**AIM OF THE TASK:**
Under this line is a listing; return exactly the lines starting at the one with "But knee boots" and running down to the one with "Close-up of man working in workshop", and leave out its pictures.

**TASK MATERIAL:**
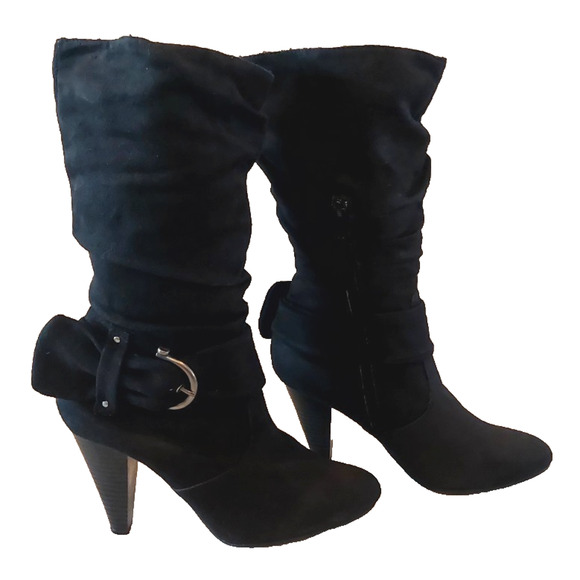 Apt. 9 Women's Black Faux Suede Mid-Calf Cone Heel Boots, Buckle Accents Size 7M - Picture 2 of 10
...
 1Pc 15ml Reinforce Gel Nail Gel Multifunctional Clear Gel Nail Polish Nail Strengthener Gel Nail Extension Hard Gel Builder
...
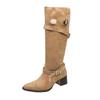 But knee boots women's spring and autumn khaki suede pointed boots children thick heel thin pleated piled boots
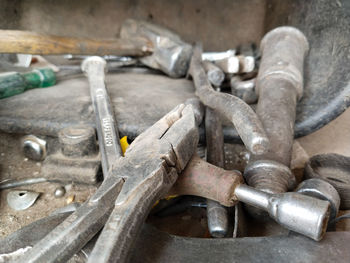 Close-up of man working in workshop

**TASK SOLUTION:**
 But knee boots women's spring and autumn khaki suede pointed boots children thick heel thin pleated piled boots
 Close-up of man working in workshop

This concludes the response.